- [To do]:
Starting at the line with "Over here, these" and ending at the line with "Next, connect the", print exactly the lines of the entries below. Pictures do not belong in the copy.

────

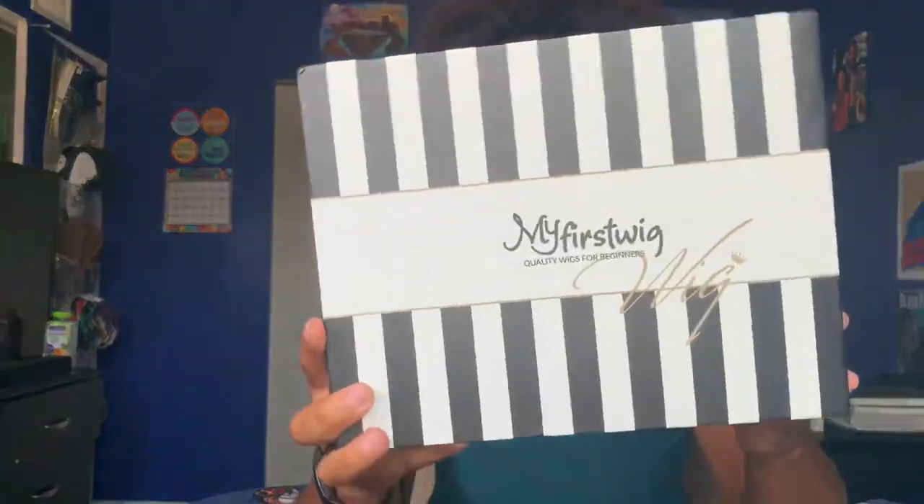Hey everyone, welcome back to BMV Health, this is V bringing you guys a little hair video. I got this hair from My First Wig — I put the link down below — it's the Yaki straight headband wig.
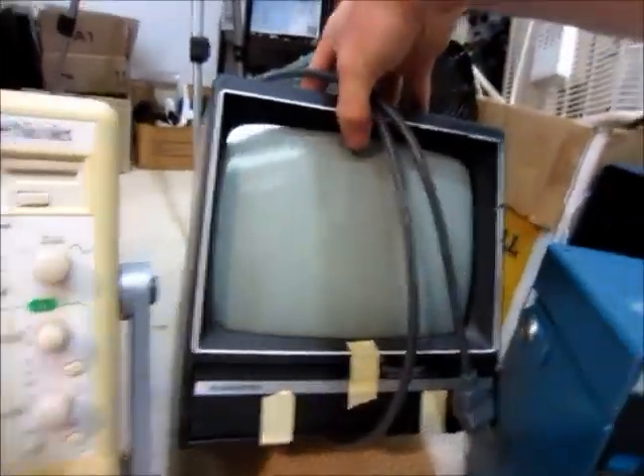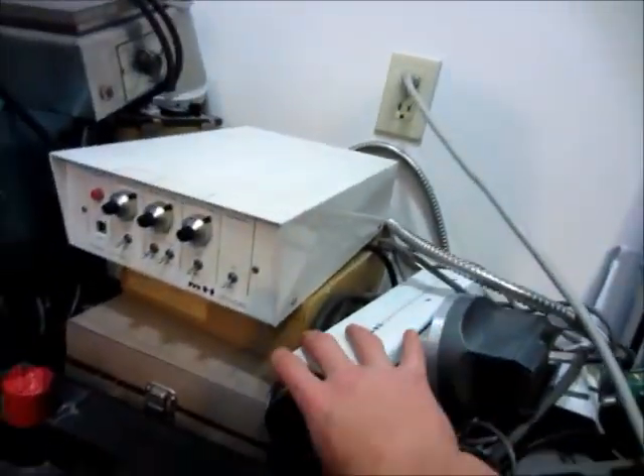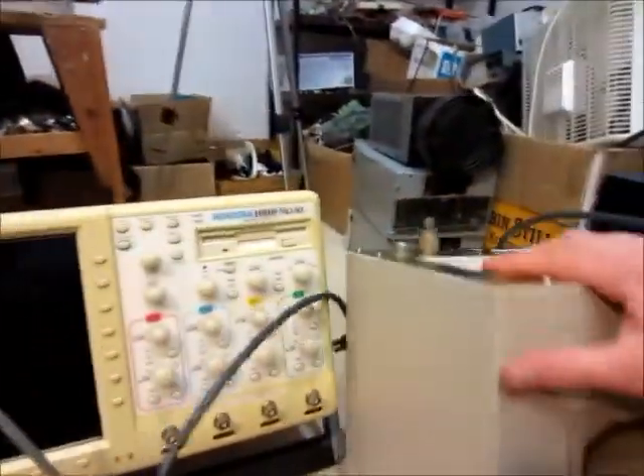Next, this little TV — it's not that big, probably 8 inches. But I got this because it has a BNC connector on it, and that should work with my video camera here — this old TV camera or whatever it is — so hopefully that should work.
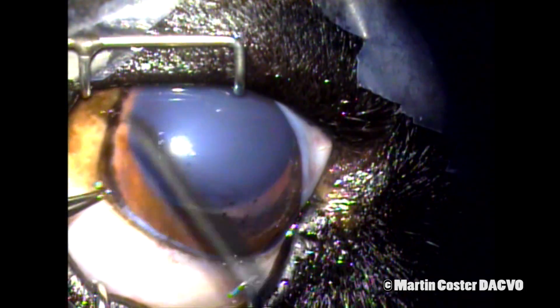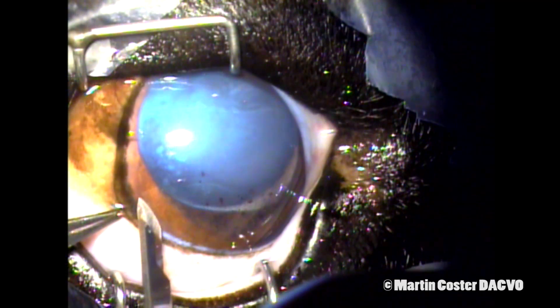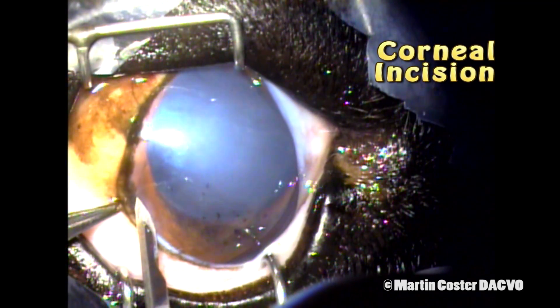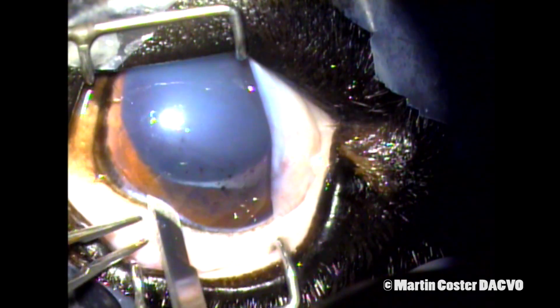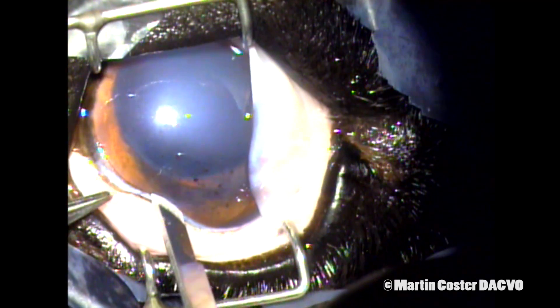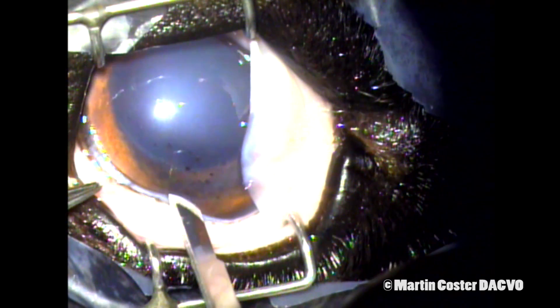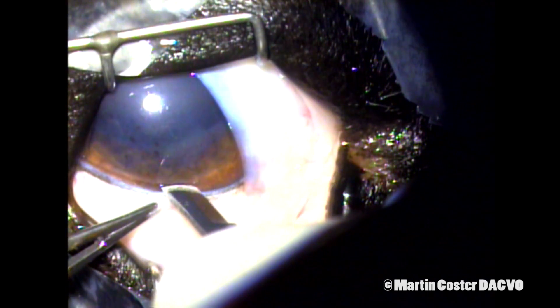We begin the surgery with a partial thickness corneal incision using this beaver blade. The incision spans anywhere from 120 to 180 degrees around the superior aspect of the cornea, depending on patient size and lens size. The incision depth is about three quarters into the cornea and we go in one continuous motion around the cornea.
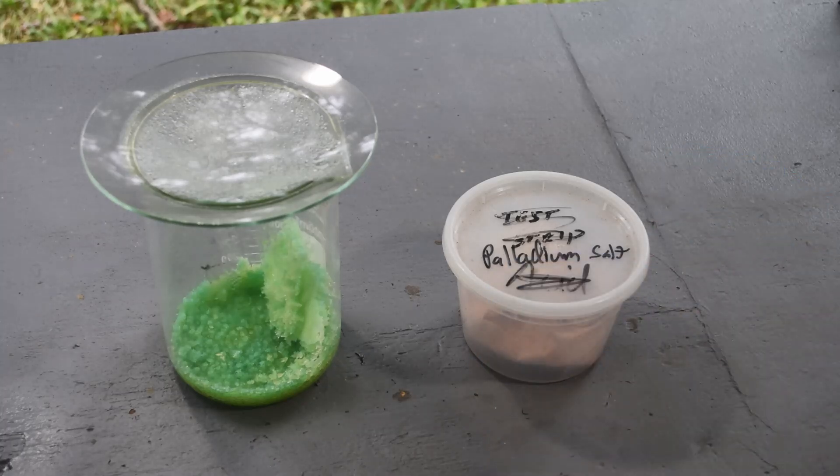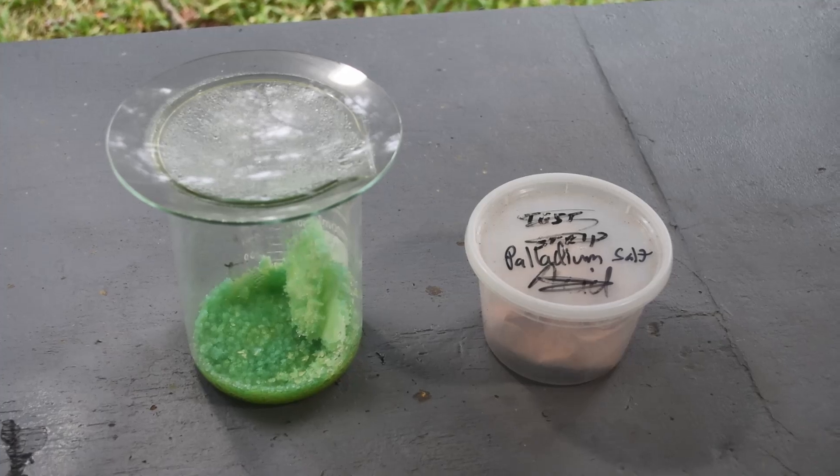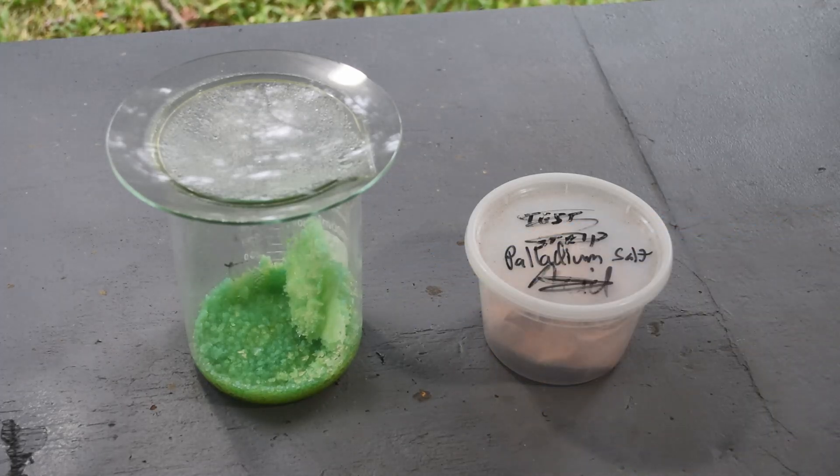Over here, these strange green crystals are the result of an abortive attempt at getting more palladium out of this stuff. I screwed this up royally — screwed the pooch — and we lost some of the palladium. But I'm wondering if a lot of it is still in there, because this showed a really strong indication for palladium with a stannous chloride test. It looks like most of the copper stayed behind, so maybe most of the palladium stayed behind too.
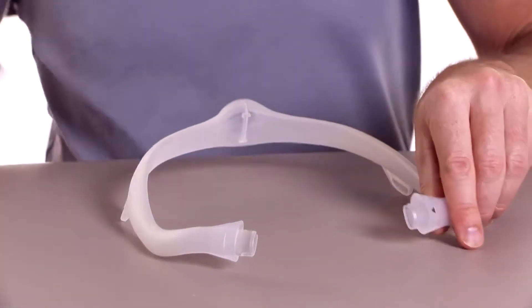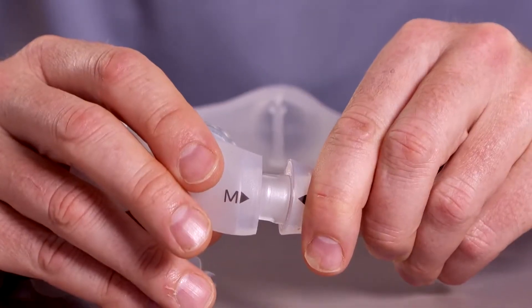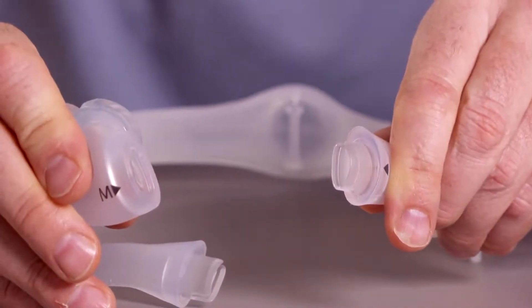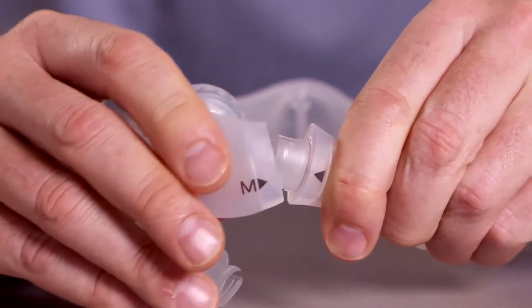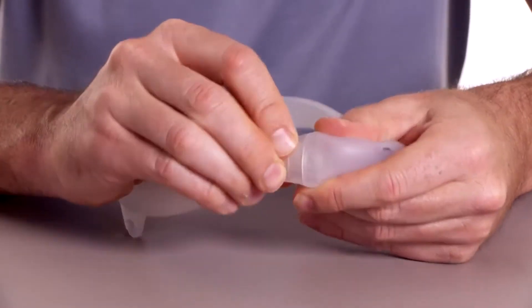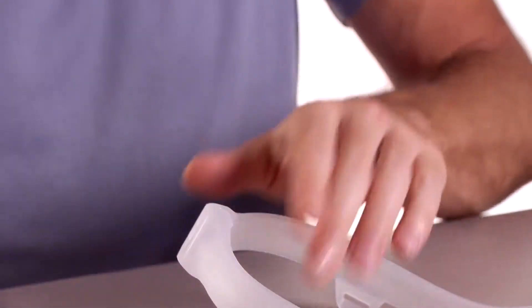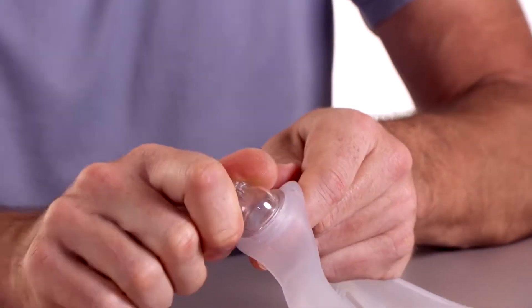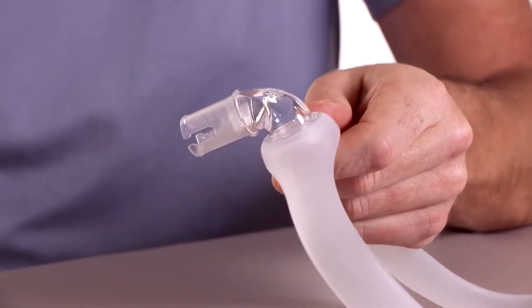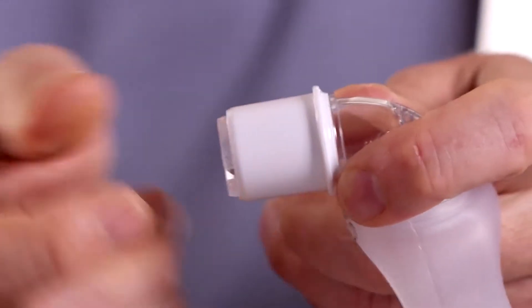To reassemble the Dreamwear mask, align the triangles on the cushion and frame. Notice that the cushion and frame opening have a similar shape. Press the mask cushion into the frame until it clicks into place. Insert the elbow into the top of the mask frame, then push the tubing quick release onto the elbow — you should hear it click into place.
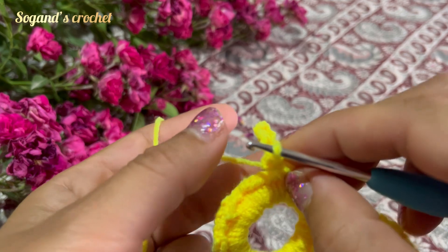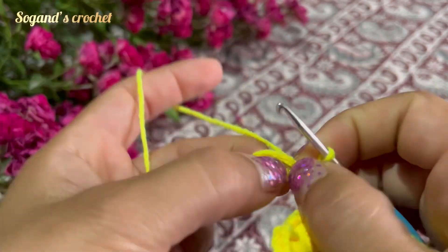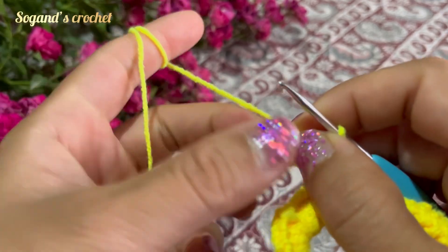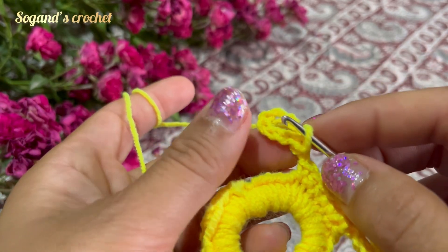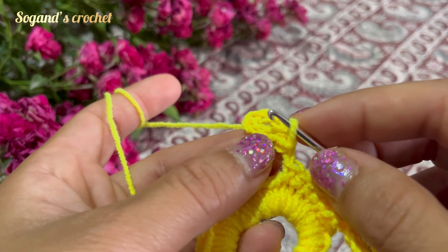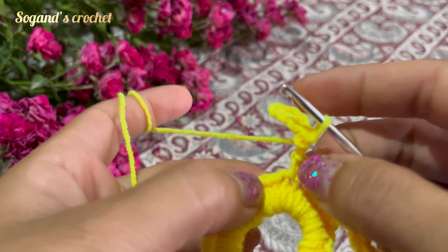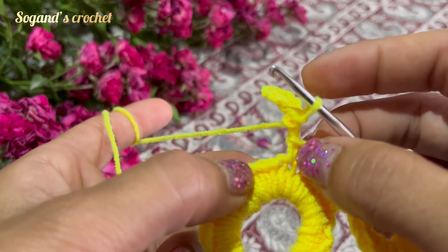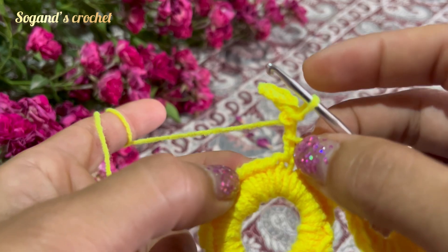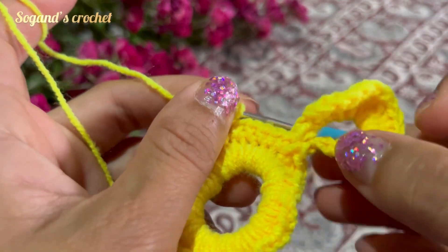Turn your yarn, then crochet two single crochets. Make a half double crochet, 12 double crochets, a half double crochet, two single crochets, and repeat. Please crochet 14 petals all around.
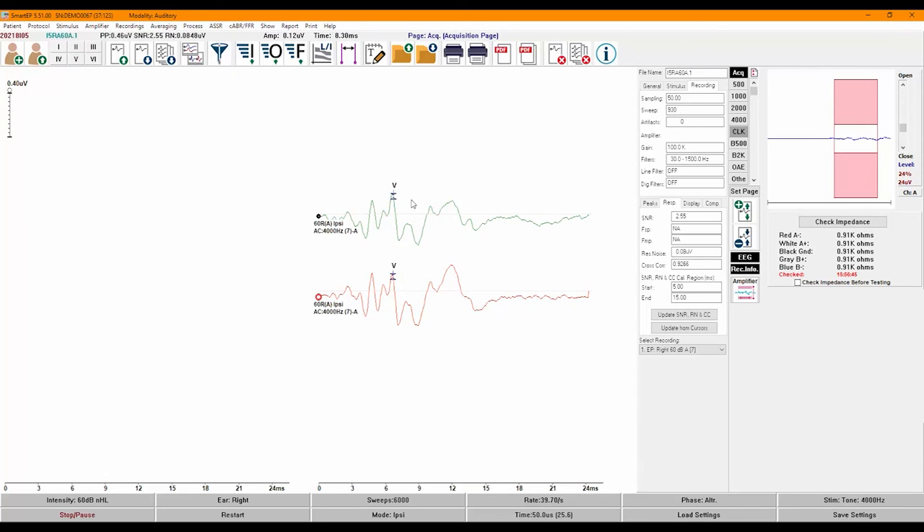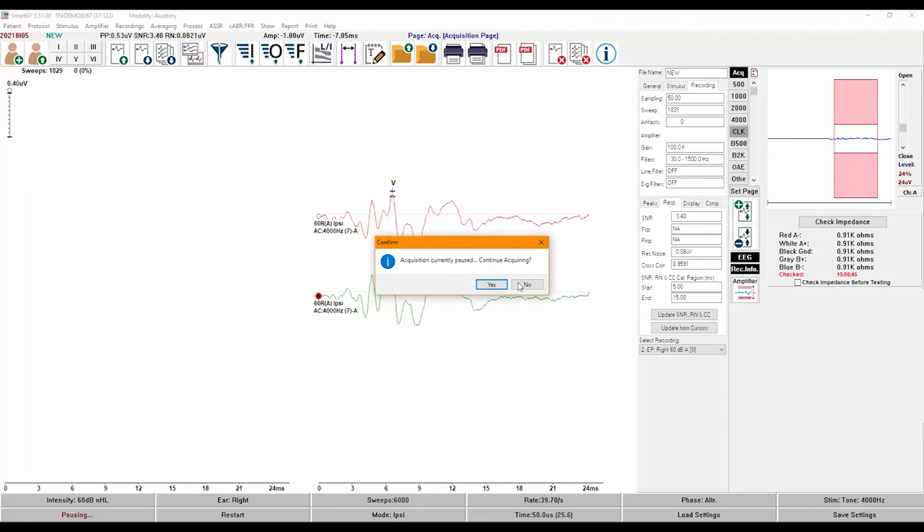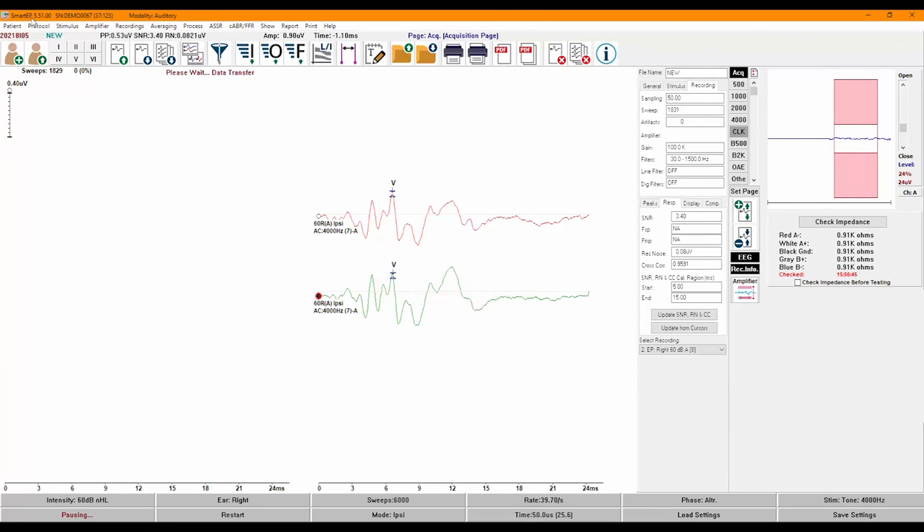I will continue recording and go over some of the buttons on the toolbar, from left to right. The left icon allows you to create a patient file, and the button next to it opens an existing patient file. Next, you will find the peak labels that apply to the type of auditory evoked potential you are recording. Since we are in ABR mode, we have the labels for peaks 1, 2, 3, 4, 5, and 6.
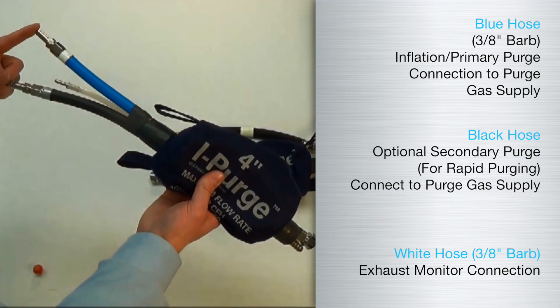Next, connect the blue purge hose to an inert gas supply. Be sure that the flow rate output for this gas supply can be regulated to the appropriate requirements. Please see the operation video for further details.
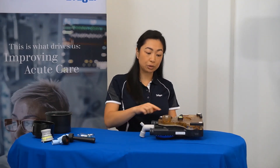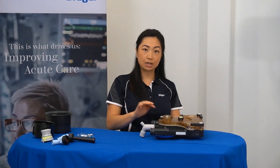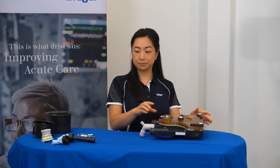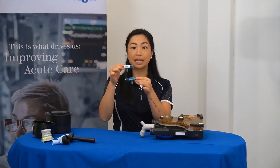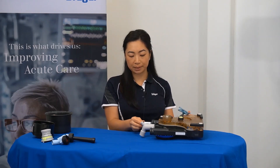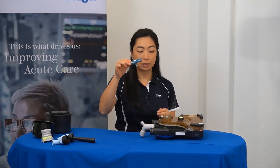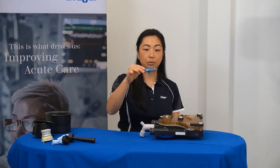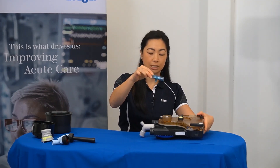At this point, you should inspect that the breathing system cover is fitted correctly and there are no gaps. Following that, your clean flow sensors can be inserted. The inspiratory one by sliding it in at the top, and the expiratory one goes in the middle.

────

- [Answer section]:
Over here, these strange green crystals are the result of an abortive attempt at getting more palladium out of this stuff. I screwed this up royally — screwed the pooch — and we lost some of the palladium. But I'm wondering if a lot of it is still in there, because this showed a really strong indication for palladium with a stannous chloride test. It looks like most of the copper stayed behind, so maybe most of the palladium stayed behind too.
To reassemble the Dreamwear mask, align the triangles on the cushion and frame. Notice that the cushion and frame opening have a similar shape. Press the mask cushion into the frame until it clicks into place. Insert the elbow into the top of the mask frame, then push the tubing quick release onto the elbow — you should hear it click into place.
Turn your yarn, then crochet two single crochets. Make a half double crochet, 12 double crochets, a half double crochet, two single crochets, and repeat. Please crochet 14 petals all around.
I will continue recording and go over some of the buttons on the toolbar, from left to right. The left icon allows you to create a patient file, and the button next to it opens an existing patient file. Next, you will find the peak labels that apply to the type of auditory evoked potential you are recording. Since we are in ABR mode, we have the labels for peaks 1, 2, 3, 4, 5, and 6.
Next, connect the blue purge hose to an inert gas supply. Be sure that the flow rate output for this gas supply can be regulated to the appropriate requirements. Please see the operation video for further details.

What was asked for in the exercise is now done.